» **GOAL OF THE EXERCISE**: Restate word for word the lines below that run from the one holding "Food Truck Moderno" through the one holding "Waschküche - Basisschrank", inclusive. Pictures don't belong in the copy.

» **SUPPLIED MATERIAL**:
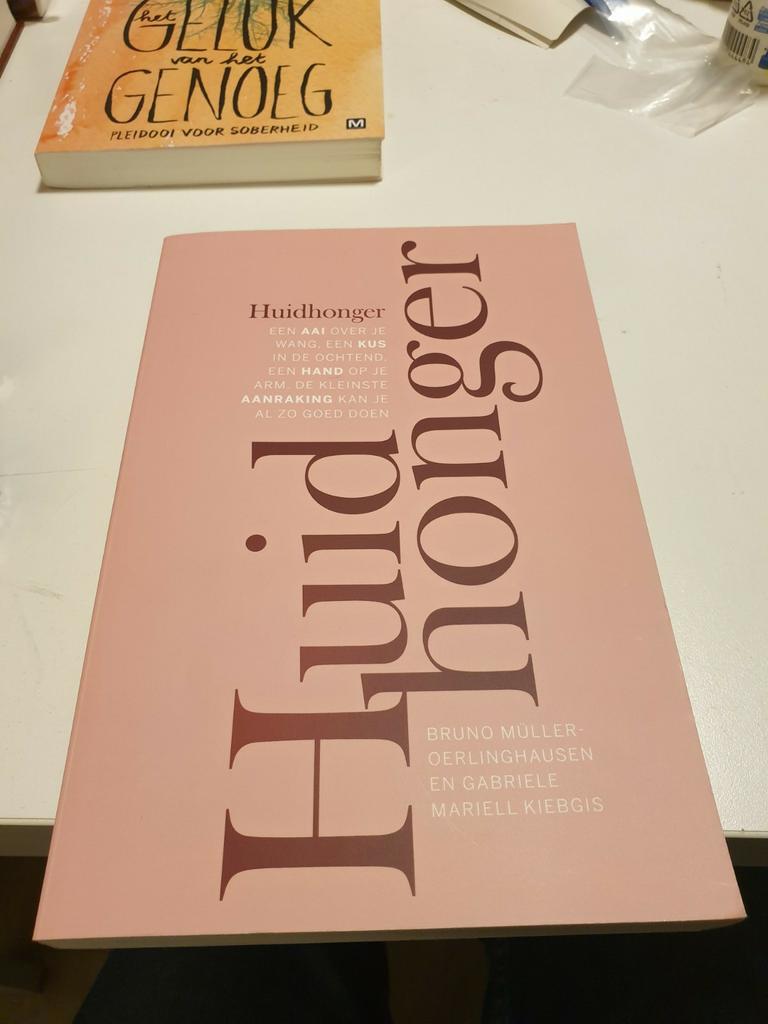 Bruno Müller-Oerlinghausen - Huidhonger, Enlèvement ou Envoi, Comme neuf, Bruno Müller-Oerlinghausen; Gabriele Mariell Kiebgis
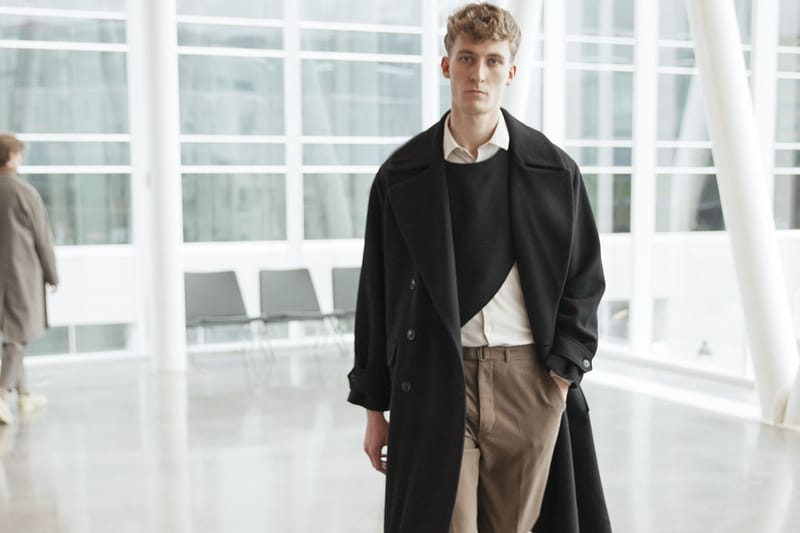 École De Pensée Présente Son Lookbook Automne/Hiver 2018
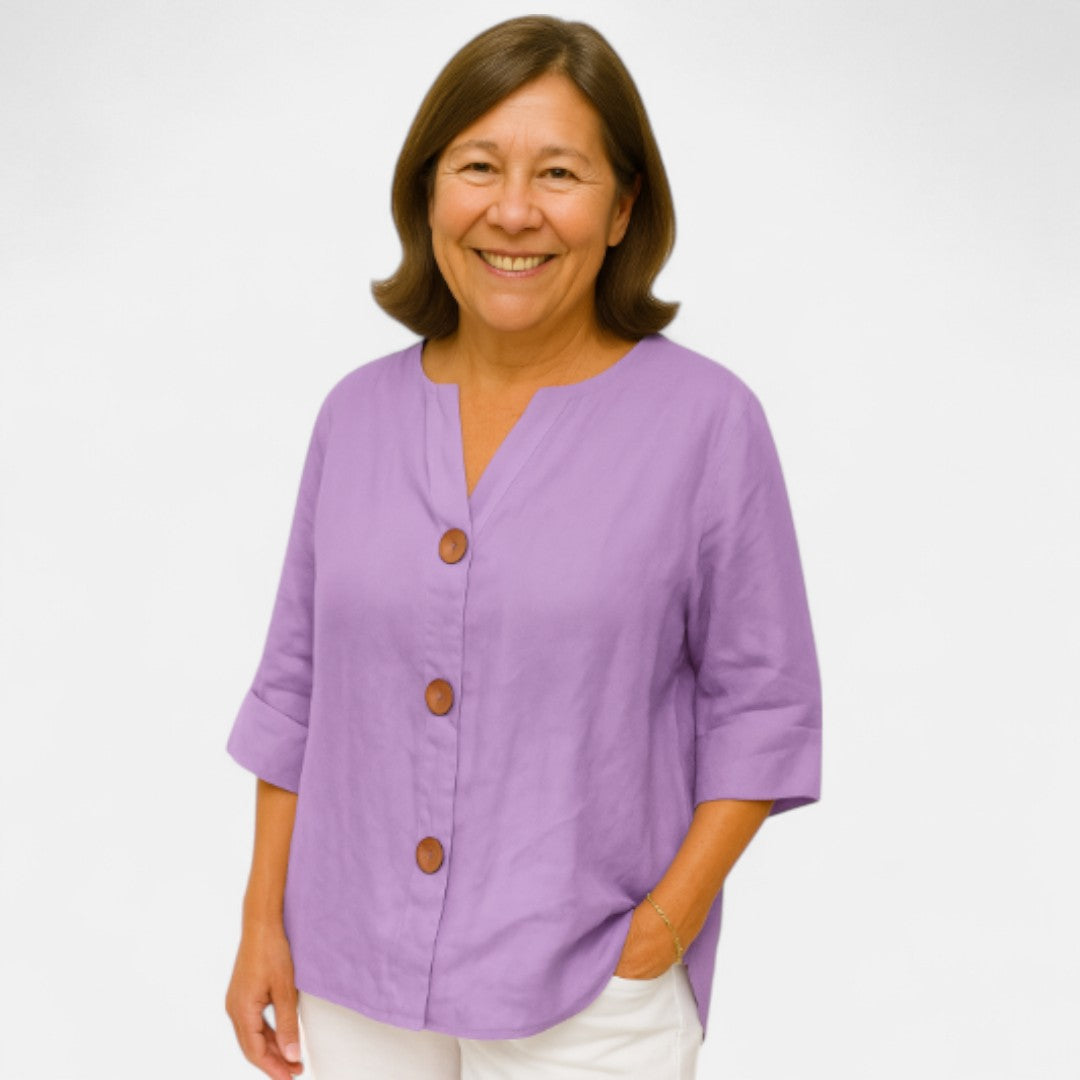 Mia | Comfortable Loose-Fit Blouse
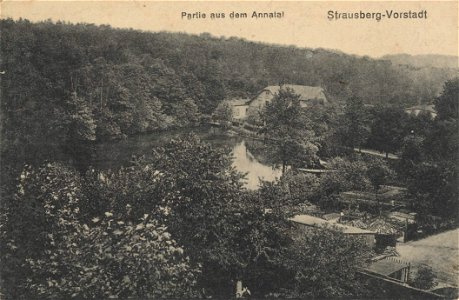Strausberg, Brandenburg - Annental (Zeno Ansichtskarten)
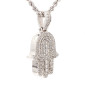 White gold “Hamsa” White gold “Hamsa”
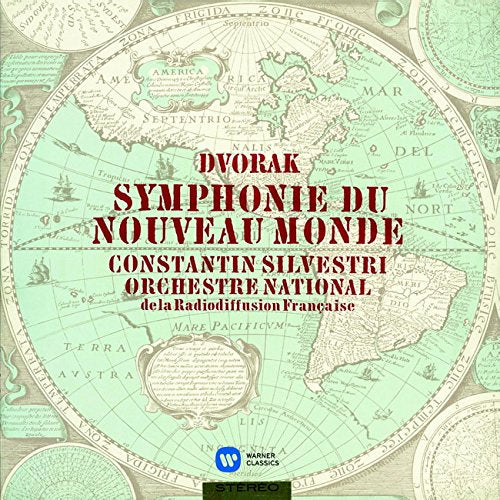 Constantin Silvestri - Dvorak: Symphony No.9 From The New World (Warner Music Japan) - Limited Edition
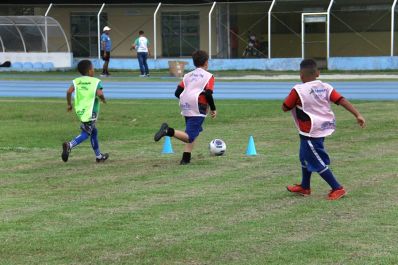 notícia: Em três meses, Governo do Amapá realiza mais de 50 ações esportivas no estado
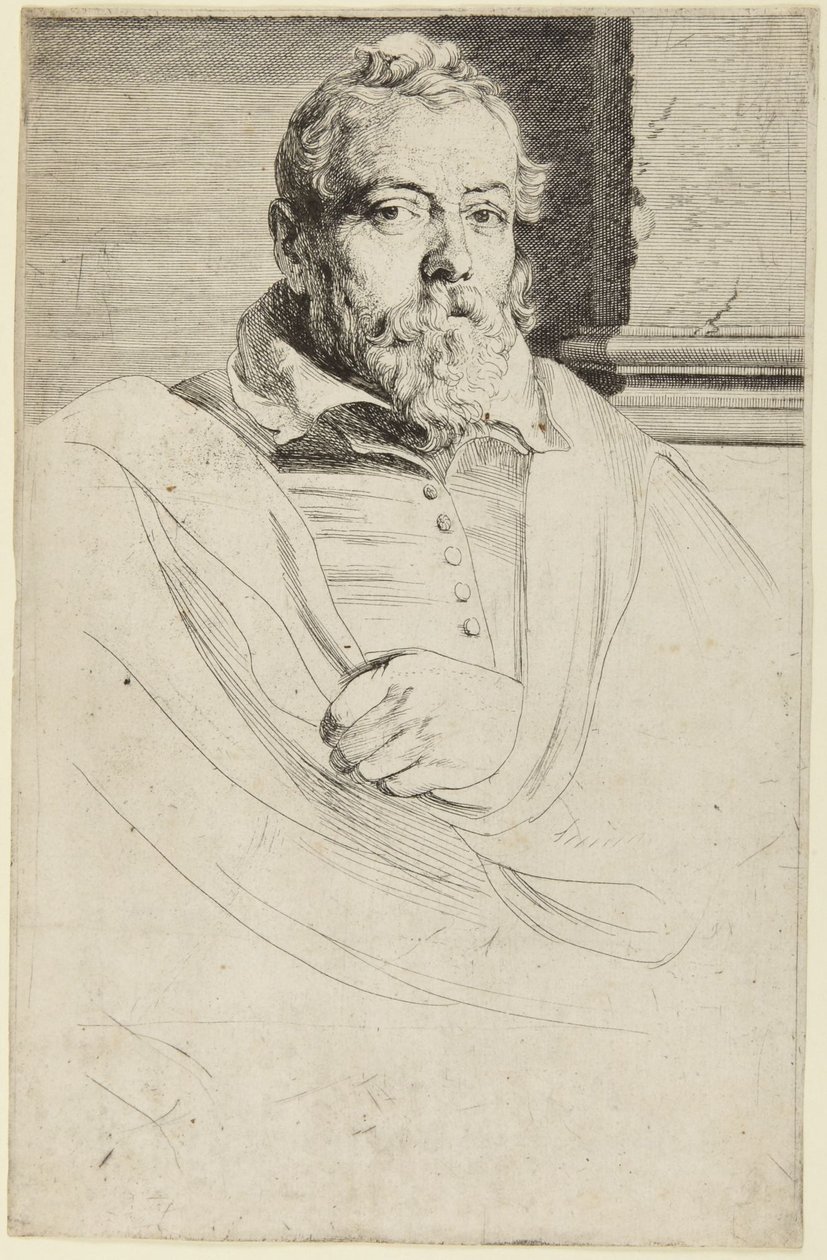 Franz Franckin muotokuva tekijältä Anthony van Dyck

--

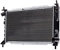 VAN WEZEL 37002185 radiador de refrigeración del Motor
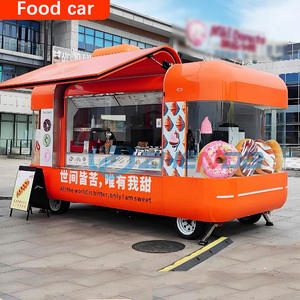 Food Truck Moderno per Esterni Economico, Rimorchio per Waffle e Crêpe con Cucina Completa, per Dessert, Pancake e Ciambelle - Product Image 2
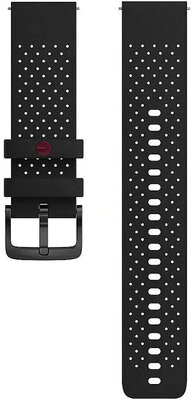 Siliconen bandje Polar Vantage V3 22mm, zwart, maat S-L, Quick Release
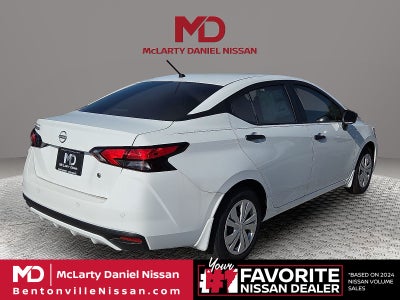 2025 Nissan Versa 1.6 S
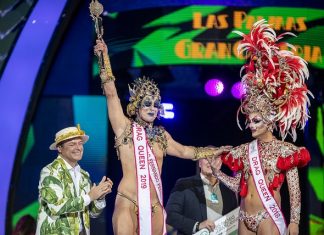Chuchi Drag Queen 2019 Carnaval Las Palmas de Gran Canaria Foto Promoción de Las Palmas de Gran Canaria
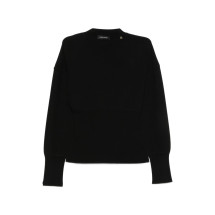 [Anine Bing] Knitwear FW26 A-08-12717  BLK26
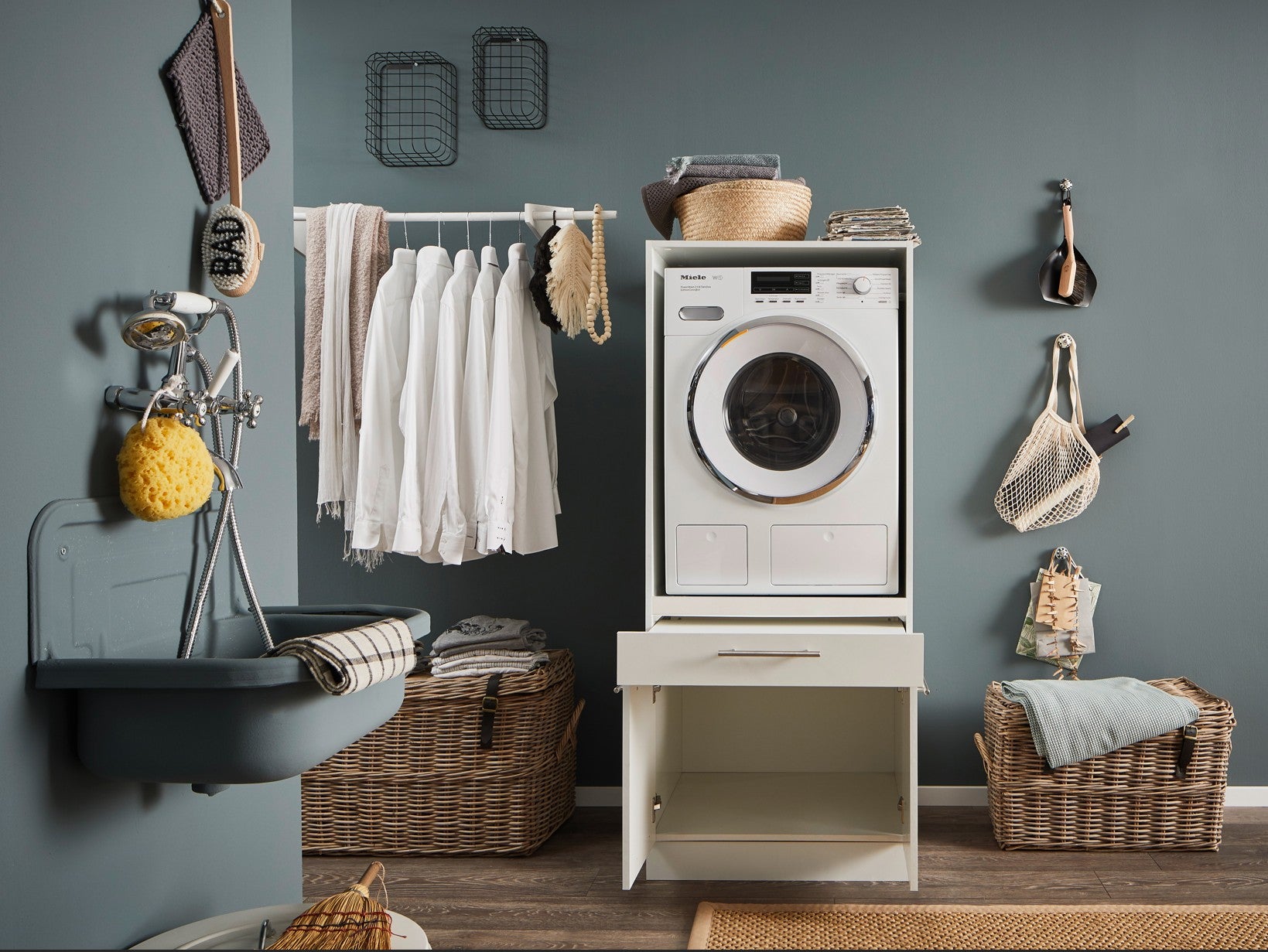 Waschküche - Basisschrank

...

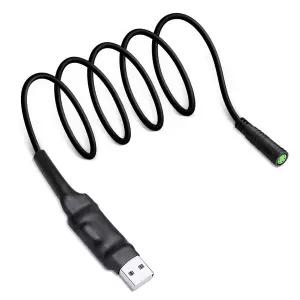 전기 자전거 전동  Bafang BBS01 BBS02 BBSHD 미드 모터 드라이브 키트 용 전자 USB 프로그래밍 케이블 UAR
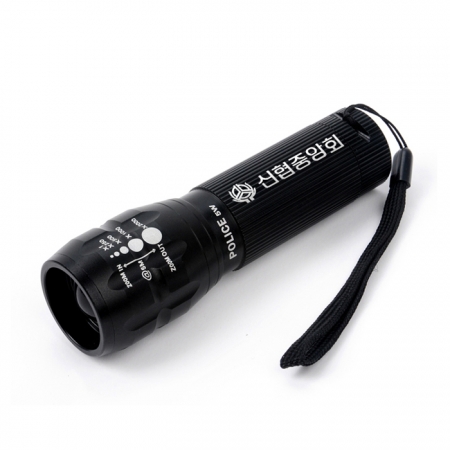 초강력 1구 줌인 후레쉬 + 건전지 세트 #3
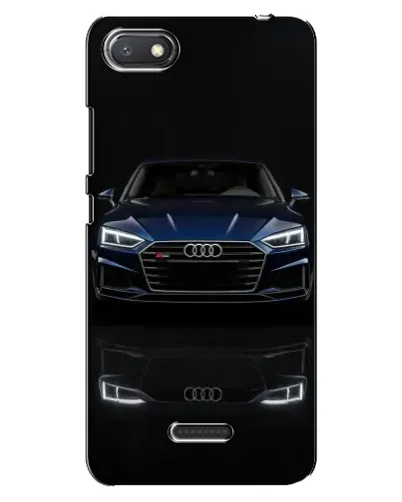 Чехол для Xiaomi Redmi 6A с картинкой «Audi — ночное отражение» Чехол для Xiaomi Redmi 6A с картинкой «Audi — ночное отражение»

» **WRITTEN REPLY**:
 Food Truck Moderno per Esterni Economico, Rimorchio per Waffle e Crêpe con Cucina Completa, per Dessert, Pancake e Ciambelle - Product Image 2
 Siliconen bandje Polar Vantage V3 22mm, zwart, maat S-L, Quick Release
 2025 Nissan Versa 1.6 S
Chuchi Drag Queen 2019 Carnaval Las Palmas de Gran Canaria Foto Promoción de Las Palmas de Gran Canaria
 [Anine Bing] Knitwear FW26 A-08-12717  BLK26
 Waschküche - Basisschrank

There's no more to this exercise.